Kitap Özeti
Uyan kızım… Seherde seyre çıkıp tazelenmek için uyan! Kalk, kızıllığın, o doğurgan rengin ucundan tutunarak seyrana çık! Aç pencereyi, gün dolsun içeriye. Kaldıysa güne uyanamayan mimarların talan ettiği şehirde, bir yerlerde bahçeler, güller; içeri bülbül sesi dolsun. Dolsun içindeki köşke ıhlamur, hanımeli ve lavanta kokuları, kokularla uyan, tazelen… Sonra o kızıllıkla birlikte, İlâhî Kelâm’dan “seher vaktine andolsun ki…” diye başlayan ayetleri oku.
Prof. Dr. Bilal Kemikli’nin yeni kitabı Sen Sen Ol, Sevgili Kızım… yazarın, daha önce Hayykitap’tan yayımlanan Oğul, Sen Sen Ol… kitabının devamı niteliğinde. Yazar, ilk kitabın oğluna değil de aslında tüm çocuklarına yazıldığını, bir cinsiyet ayrımı gözetmediğini ama gelen taleplere de dayanamayarak böyle bir kitabı kaleme aldığını belirtiyor.
Sevgili kızım, şimdi hepimiz, sanki hilâle çevrilmiş gecenin eşiğindeyiz… Birazdan tan yeri ağaracak, gün doğacak. Gün doğduğunda, ayan beyan görülecek görülmesi murat edilen… Lakin sehere ermek için ilimle, tefekkürle, aşk ve muhabbetle hemhal olmak, çalışıp çabalamak lazım. Şunu bil ki kızım, aydınlık limanına gayret gemisiyle varacaksın! Bu sebepten, durma, akan zaman ırmağının akıl ve gönül bahçeni sulamasını dile, çalışıp çabala…

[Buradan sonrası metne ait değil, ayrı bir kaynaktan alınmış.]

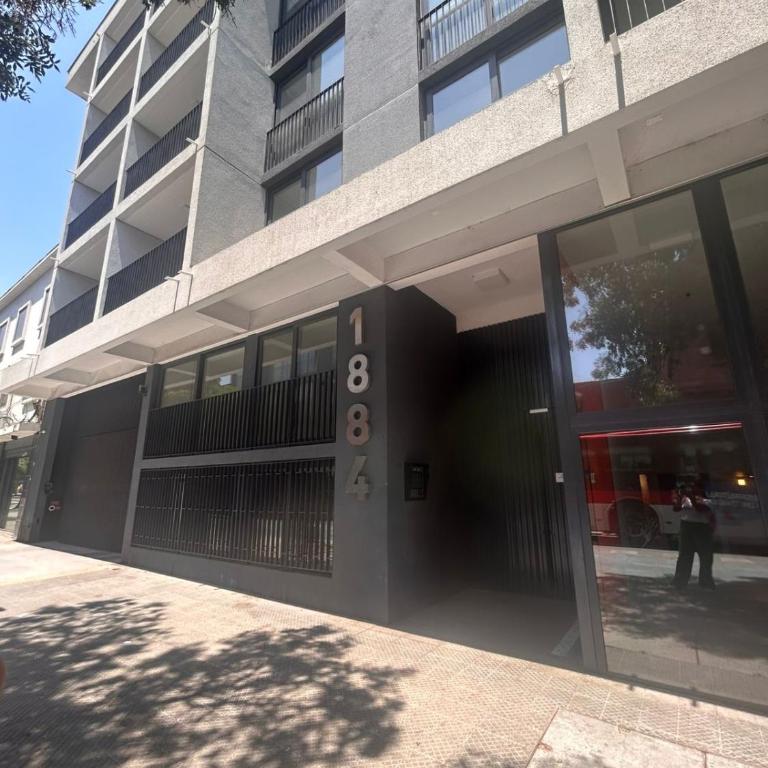 Estudio con Estilo Entre Barrio Brasil y La Moneda Metro Santa Ana - One-Bedroom Apartment - 15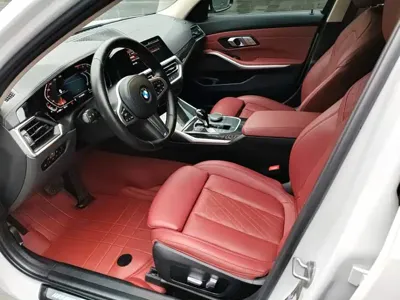 BMW 3 Series 2022, 40000 км, за 133800 CNY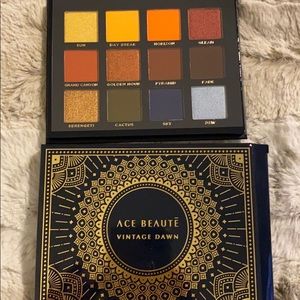 Ace Beaute Vintage Dawn palette. NIB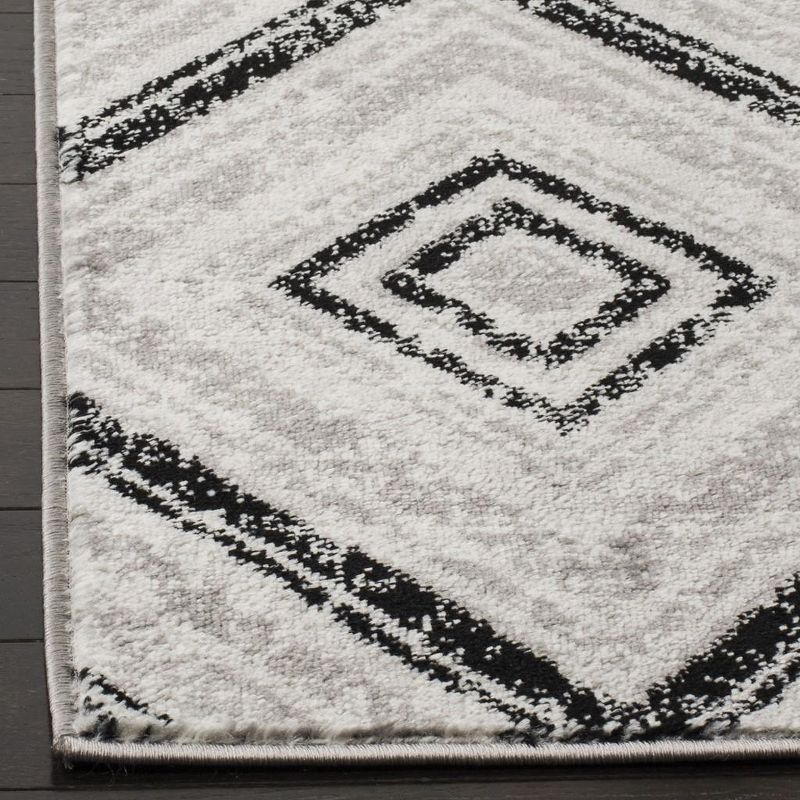 Skyler SKY120 Power Loomed Indoor Area Rug - Grey/Black - 5'1"x7'6" - Safavieh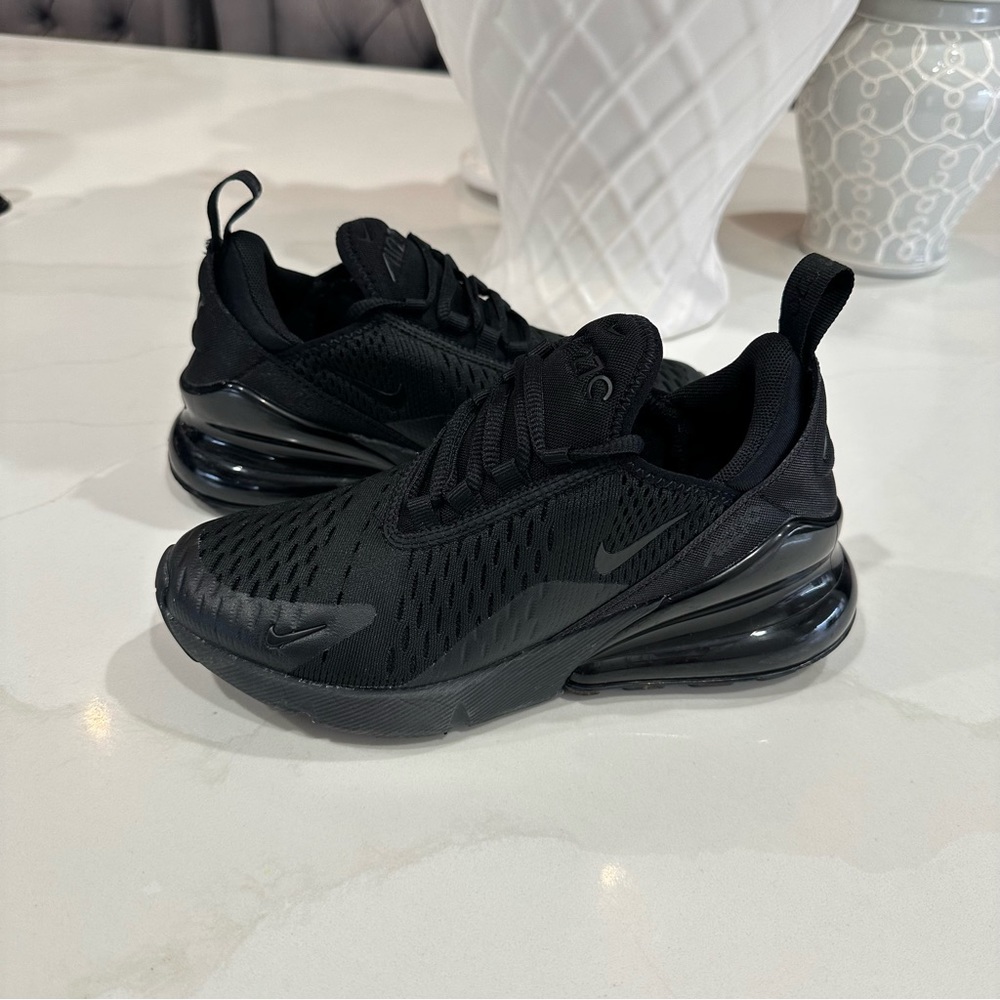 Nike Air Max 270 "Black" Grade School Boys/Girls' Shoe 3.5Y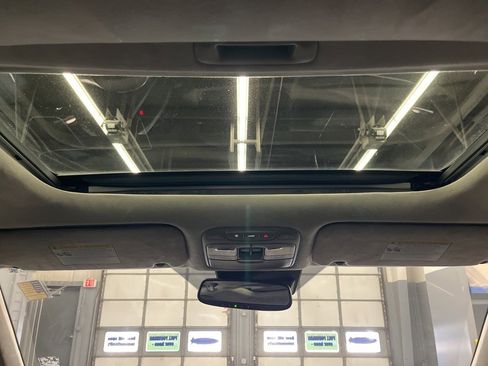 Used 2022 Kia Telluride SX w/ SX Prestige Package image 29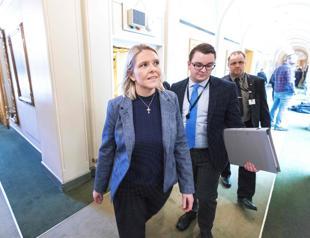 No-confidence vote may lead to Norway gov’t fall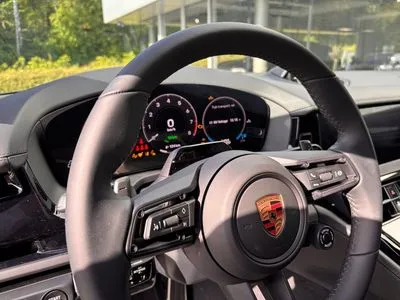 Porsche Panamera 4 E-Hybrid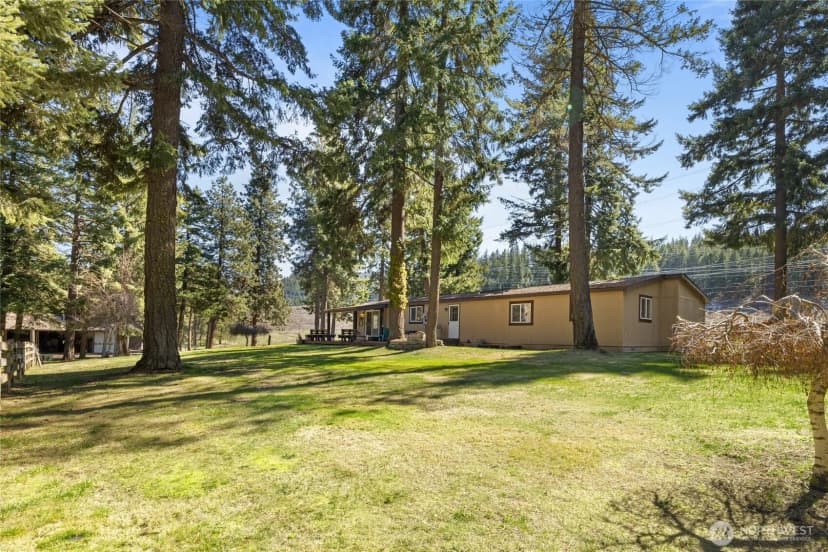 Property photo for 6160 Upper Peoh Point Rd. #rd., Cle Elum photo 21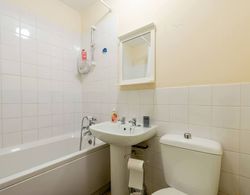 Charming 1-bed Apartment in Luton Banyo Tipleri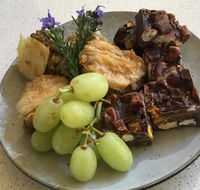 Stephanies Country Cottages - Accommodation Newcastle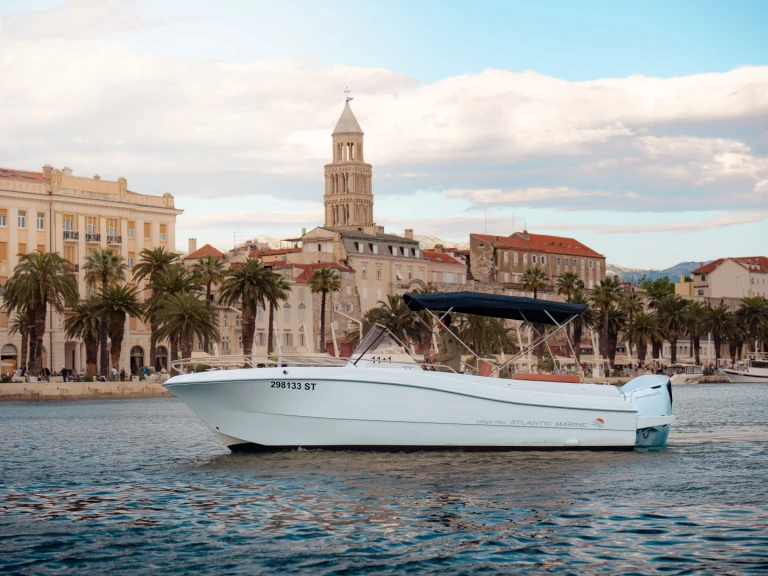 Wynajmij Atlantic open 750 w Split Port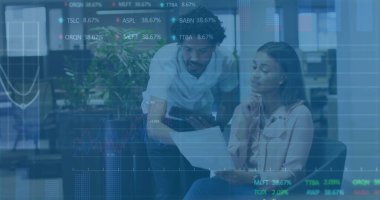 Muhtelif iş arkadaşlarıyla ilgili grafiklerin ve alım satım tahtalarının görüntüsü ofiste aynı fikirleri paylaşıyor. Dijital bileşik, çoklu pozlama, rapor, iş dünyası, borsa, tartışma ve takım çalışması kavramı.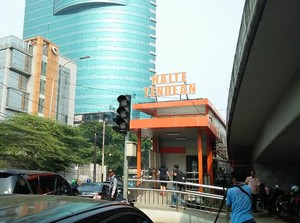 Menjajal TransJakarta dari Ciledug hingga Tendean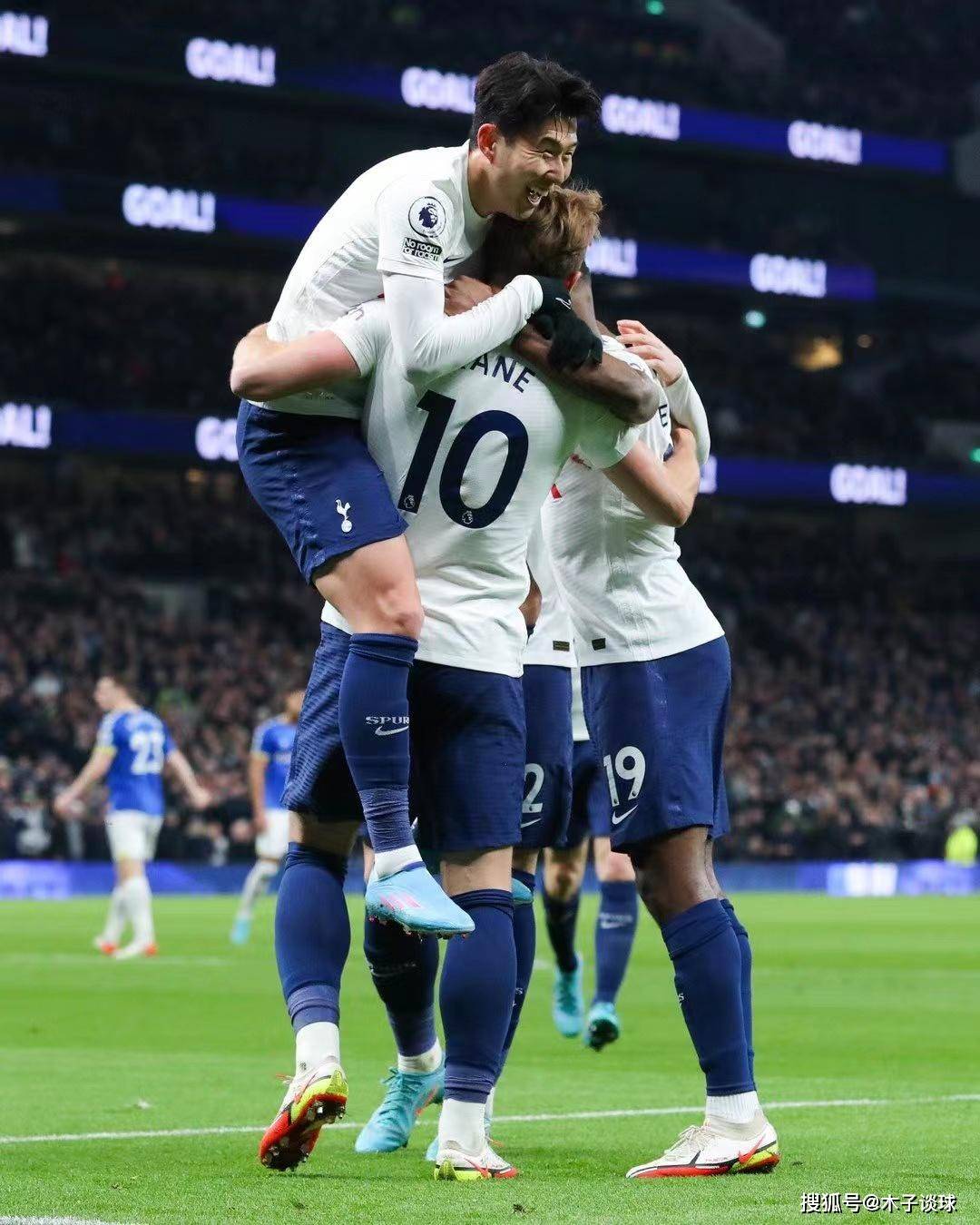 关于伯恩茅斯接触热那亚尝试引进德温特但球员希望加盟国米的信息 第2张 关于伯恩茅斯接触热那亚尝试引进德温特但球员希望加盟国米的信息 第2张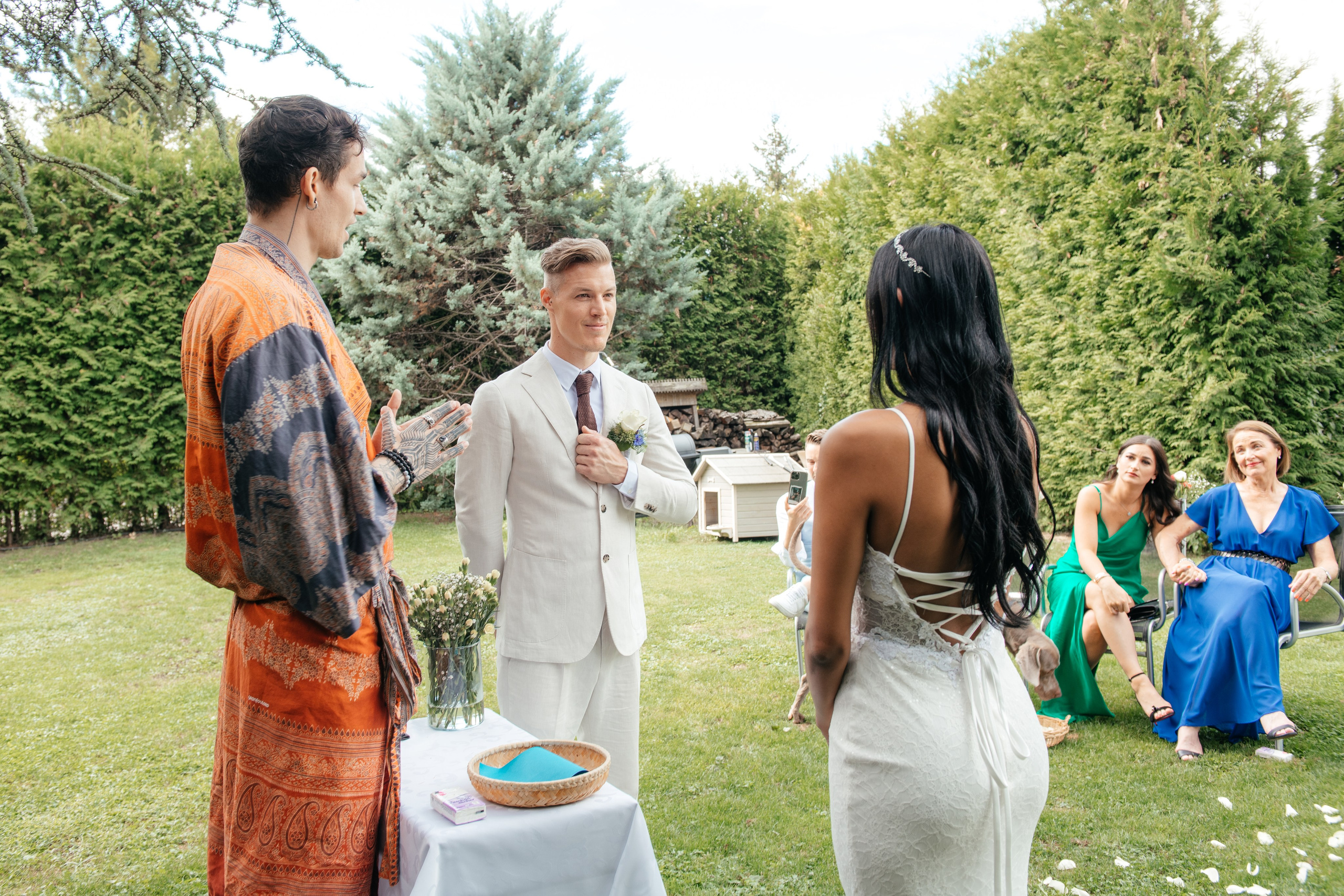 KAIANE & BENJAMIN Meilen, Switzerland. I am Elena Altendorfer. Wedding photographer in Zurich and Switzerland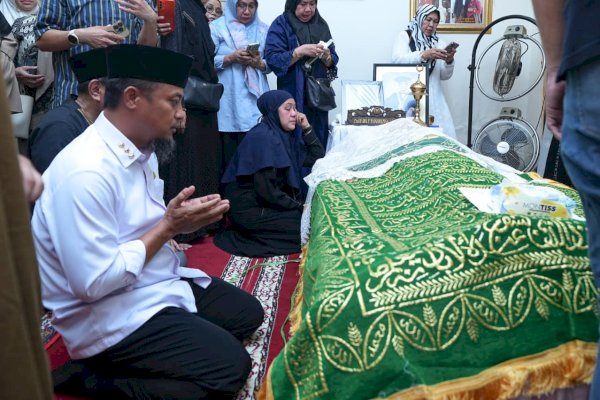 Gubernur Andi Sudirman Sampaikan Duka Cita atas Wafatnya Prof Paturungi Parawansa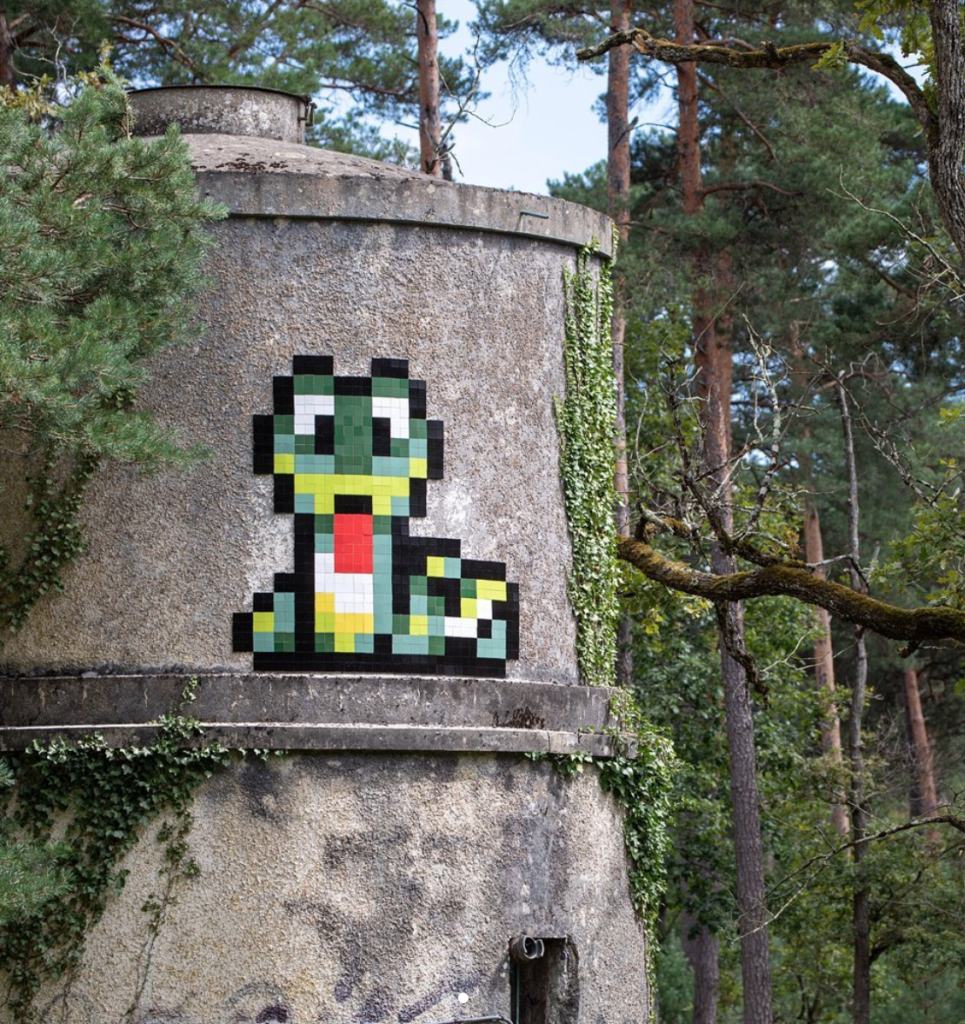 Fontainebleau Invaded: The Mosaic Art of Street Artist Invader Takes Over the Historic Town. Image © Invader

Kitapta sekülerizm, kadın erkek eşitliği, modern çağın narsisist insanının talepleri, hız, haz odaklı yaşamı eleştiriliyor, bunların karşısına Ku’ran üzerine bina edilmiş geleneksel değerler ve ahlak anlayışı yerleştiriliyor. Yazar genç olmanın, kadın olmanın ne olduğunu anlamaya ve kızlarına anlatmaya çabalarken kibir, kendini sergileme ihtiyacı, ben merkezlilik, sabırsızlık, vefasızlık, kötülük gibi kavramları irdeleyerek, bunların karşısına çalışkanlık, dürüstlük, sabır, şefkat, vicdan, merhamet, vefa, sadakat, güzellik, iyilik, denge, tutarlılık, dostluk gibi değerleri yerleştiriyor.
Gerek manevi anlamda, gerekse yazarın ağırlıklı olarak yolculuklarında yazdığı metinler olması bakımından kitapta hâkim bir yol, yolculuk teması görülüyor. Yazar kimi zaman kızına hayat yolunda karşılaşacağı zorlukları ve bunlarla nasıl baş edeceğini anlatırken, kimi zaman da bir havaalanının kafeteryasında kahvesini yudumlarken, defterine kızı için babalık sohbetleri kaleme alıyor.
Hız ve tüketim çağında, kendimiz olmak için tutulan bu notlar yaralara bir nebze de olsa merhem olur ise, işte bu bizim bahtiyarlığımız olacaktır. Maksadımız çocuklarımıza girdikleri şu handa, bir baba olarak rehberlik etmektir. Dilerim bu kitap, kızlarımız için hayırlı bir yoldaş olsun.